声の高さと種類について

こんにちは!声楽講師の下倉結衣です。

今回は声の高さと種類(女声)についてお話したいと思います。

女性の声はソプラノメゾソプラノアルトに分かれます。

簡単に言うと、ソプラノは音域が上の女声、メゾソプラノは音域が中間の女声、アルトは音域が下の女声を表します。このように大きく3つの声種で分かれています。

ソプラノ 出典: フリー百科事典『ウィキペディア(Wikipedia)』
アルト 出典: フリー百科事典『ウィキペディア(Wikipedia)』 ※メゾソプラノはこれらの中間です。

しかし、実際には同じ声種の中でも響きの明るい声質、力強い声質、軽やかな声質、深い音色の声質等、それぞれ個性があります。

単純に「音域」だけで区別するのではなく、その人が持っている「声質」や「特性」が、実はとても大事なのです。

実際に高い音域まで歌えるメゾソプラノ歌手もいますし、中間音域が豊かに響くソプラノ歌手も存在します。朗々と声を響かせることのできる歌手もいれば、コロコロと声を転がすことが得意な歌手もいます。

例えば、モーツァルト作曲:オペラ《魔笛》夜の女王「復讐の心は地獄のように胸に燃え」はソプラノによって歌われる有名なアリアです。この曲は特に高い音が連続で出てきます。さらに音が跳躍したり、コロコロと転がったりするフレーズがあるので、非常に技巧的な楽曲でもあります。その為、ソプラノの中でもコロラトゥーラソプラノと言って、声を俊敏にコロコロと動かす事ができて、さらに高音を得意とする歌手によって歌われます。

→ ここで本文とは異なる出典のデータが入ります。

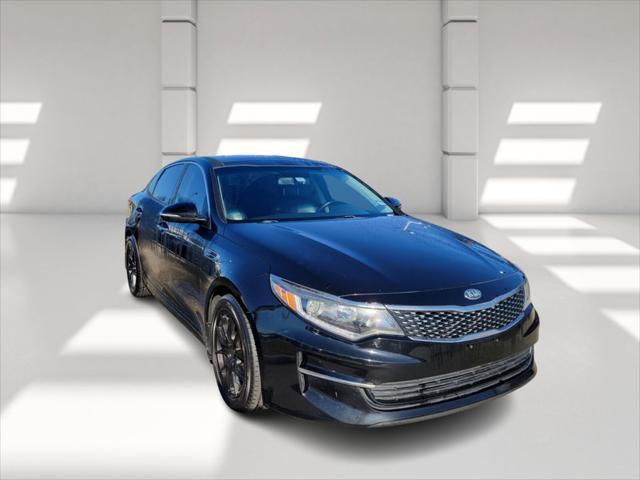 used 2018 Kia Optima car, priced at $12,995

コロラトゥーラメロディーの出だしの楽譜(著作権者:User:Lebha、ライセンス:CC by-sa 3.0、<Wikipedia>)

反対に、このような声の特徴を持ったソプラノ歌手が、豊かな響きや叙情的な表現が必要なプッチーニ作曲:オペラ《蝶々夫人》蝶々夫人のアリア「ある晴れた日に」をレパートリーとして歌う事は殆どありません。

メゾソプラノにおいても同じことが言えます。ロッシーニ作曲:オペラ《セビリアの理髪師》ロジーナのアリア「今の歌声は」を歌うメゾソプラノは、声に俊敏性、軽やかさ、また幅広い音域が必要になってきます。しかし、同じメゾソプラノでもヴェルディ作曲:オペラ《イル・トロヴァトーレ》アズチェーナのアリア「炎は燃えて」のような曲は、ロッシーニのオペラとは反対に、中間音域から低音部分が豊かに朗々と響く声でなければなりません。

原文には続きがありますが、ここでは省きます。